My primary concern is for a validator. But I do think that definitions 
sufficient for a thorough validator will also enable extraction for use 
by a compiler.

> All an ABNF validator needs to do is make sure that all rules are
> comprised of valid ABNF primitives, or other rules that decompose into
> valid ABNF primitives. ABNF primitives are:
> 1. literals, such as %d13 and %x0D (which, incidentally, are equivalent)
> 2. rules assumed to exist (i.e., RFC 5234 Appendix B)
> 1. rules defined by <>

I disagree. It is also important to check that all references to rules 
are satisfied, and that there are no conflicts between rules.
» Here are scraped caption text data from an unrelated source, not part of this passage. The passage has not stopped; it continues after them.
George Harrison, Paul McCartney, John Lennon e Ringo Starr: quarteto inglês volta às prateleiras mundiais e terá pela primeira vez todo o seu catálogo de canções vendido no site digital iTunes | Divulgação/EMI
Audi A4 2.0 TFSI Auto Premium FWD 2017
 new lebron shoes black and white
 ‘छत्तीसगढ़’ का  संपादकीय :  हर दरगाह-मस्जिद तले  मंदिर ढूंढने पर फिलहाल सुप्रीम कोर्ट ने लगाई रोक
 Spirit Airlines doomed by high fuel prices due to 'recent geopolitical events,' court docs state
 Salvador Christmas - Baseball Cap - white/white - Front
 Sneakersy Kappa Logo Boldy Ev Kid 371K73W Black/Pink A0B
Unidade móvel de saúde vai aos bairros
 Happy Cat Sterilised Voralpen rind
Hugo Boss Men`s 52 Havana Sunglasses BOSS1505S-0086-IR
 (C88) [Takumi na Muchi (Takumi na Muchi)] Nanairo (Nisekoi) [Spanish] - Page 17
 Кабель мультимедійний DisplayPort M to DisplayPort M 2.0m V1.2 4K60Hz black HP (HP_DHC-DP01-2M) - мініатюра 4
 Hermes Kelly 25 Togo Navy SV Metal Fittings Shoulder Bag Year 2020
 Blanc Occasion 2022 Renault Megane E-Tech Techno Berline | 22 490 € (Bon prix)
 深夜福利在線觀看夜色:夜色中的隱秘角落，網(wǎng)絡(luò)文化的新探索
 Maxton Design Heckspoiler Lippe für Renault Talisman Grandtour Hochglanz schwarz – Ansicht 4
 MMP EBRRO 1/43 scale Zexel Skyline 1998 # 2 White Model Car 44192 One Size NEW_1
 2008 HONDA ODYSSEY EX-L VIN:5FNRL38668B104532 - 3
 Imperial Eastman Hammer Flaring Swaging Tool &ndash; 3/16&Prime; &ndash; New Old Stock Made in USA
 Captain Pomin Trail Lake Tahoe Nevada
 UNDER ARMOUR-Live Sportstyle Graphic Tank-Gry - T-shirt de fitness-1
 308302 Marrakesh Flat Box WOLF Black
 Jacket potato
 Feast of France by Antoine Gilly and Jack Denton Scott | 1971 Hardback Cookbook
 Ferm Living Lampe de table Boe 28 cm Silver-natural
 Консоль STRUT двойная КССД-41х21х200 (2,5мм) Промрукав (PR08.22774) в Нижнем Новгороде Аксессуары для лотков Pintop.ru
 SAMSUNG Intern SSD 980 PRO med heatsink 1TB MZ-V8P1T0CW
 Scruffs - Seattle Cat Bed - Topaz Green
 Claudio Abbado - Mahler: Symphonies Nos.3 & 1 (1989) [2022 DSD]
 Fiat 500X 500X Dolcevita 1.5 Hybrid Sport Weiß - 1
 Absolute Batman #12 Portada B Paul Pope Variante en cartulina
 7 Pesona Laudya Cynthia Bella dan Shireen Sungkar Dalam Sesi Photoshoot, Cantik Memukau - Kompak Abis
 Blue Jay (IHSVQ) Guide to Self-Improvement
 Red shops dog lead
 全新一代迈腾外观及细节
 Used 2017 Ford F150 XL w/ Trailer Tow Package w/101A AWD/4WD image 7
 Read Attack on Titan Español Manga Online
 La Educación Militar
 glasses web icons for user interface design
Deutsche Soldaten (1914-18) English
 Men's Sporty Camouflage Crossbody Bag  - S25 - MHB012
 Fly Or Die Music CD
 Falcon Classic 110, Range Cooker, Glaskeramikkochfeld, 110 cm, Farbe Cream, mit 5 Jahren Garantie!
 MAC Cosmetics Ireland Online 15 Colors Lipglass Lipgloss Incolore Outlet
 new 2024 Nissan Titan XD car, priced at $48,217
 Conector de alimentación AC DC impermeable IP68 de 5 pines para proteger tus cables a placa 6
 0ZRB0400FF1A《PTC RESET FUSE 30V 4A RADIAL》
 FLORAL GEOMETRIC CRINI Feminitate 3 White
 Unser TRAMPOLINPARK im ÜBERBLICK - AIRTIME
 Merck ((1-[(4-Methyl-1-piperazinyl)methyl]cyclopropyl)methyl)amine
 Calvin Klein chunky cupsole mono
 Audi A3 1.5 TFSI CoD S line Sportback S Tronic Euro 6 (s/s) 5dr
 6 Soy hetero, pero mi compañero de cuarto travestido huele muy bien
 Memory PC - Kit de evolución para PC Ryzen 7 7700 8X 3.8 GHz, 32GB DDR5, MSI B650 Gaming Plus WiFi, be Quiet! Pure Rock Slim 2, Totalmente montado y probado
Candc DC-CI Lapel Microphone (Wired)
> Such a validator is quite easy to program, and doesn't need to import
> anything from other RFCs.

Again I disagree. As I've noted before, in RAI there is a custom of 
having drafts that extend the ABNF of other drafts. I've used bap to 
verify ABNF numerous times, and I've had to do a lot of manual 
preprocessing and importing/merging to thoroughly verify that all is 
well. That is all error prone, and inclines people to not bother with 
actually doing the verification.

> On 1/27/2015 12:53 PM, Paul Kyzivat wrote:
>> On 1/25/15 3:57 AM, Julian Reschke wrote:
>>> On 2015-01-24 17:59, Sean Leonard wrote:
>>>> On 1/24/2015 8:21 AM, Sean Leonard wrote:
>>>>> First of all there is no such thing as "ABNF modules" yet--only ABNF
>>>>> grammar (combined with specification text). I recognize this
>>>>> conversation is trending to creating them.
>>>>> Providing different definitions of the same rule in the same RFC is
>>>>> reckless
>>>>
>>>> The more I thought about this, the more I would like to propose that
>>>> the
>>>> RFC itself be unit of analysis (i.e., "module").
>>>> ...
>>>
>>>
>>> I agree that it's good to formalize this somewhat, but I'm not convinced
>>> updating/extending RFC 5234 is a good idea.
>>>
>>> For instance, in the HTTP specs we use prose rules with a well-defined
>>> syntax:
>>>
>>> <http://greenbytes.de/tech/webdav/rfc7231.html#imported.abnf>
>>>
>>> This might be enough for automated checkers to do the right thing.
>>
>> I agree that we need to be careful not to extend ABNF too much, making
>> it more difficult. OTOH, the people who use ABNF are not, for the most
>> part, stupid. (Does ABNF need to be understandable to someone who
>> doesn't know at least one real programming language?)
>
> I don't find this relevant to the analysis.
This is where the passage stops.